(Saved data entries)
● ● ●
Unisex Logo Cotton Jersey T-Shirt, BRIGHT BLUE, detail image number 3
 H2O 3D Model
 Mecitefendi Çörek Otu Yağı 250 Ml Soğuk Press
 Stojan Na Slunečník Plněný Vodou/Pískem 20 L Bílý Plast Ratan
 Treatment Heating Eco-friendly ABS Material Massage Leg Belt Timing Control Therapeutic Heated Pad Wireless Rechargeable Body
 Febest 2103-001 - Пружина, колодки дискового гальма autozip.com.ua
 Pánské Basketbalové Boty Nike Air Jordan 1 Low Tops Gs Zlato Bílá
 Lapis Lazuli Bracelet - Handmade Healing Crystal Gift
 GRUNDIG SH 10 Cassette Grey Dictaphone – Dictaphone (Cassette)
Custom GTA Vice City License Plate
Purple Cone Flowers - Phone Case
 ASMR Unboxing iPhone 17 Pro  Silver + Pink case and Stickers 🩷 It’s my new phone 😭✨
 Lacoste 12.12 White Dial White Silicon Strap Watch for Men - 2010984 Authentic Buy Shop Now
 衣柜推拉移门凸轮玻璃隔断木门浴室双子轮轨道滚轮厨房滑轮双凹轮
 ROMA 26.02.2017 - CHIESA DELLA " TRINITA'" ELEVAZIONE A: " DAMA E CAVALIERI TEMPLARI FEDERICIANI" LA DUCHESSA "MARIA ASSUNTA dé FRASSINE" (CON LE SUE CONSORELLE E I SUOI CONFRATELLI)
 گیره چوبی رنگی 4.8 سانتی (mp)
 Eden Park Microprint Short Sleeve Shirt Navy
● ● ●
> [TASK BRIEF] For the string "Shirt", show each line of the entries above where it occurs.

> [WRITTEN SOLUTION]
Unisex Logo Cotton Jersey T-Shirt, BRIGHT BLUE, detail image number 3
 Eden Park Microprint Short Sleeve Shirt Navy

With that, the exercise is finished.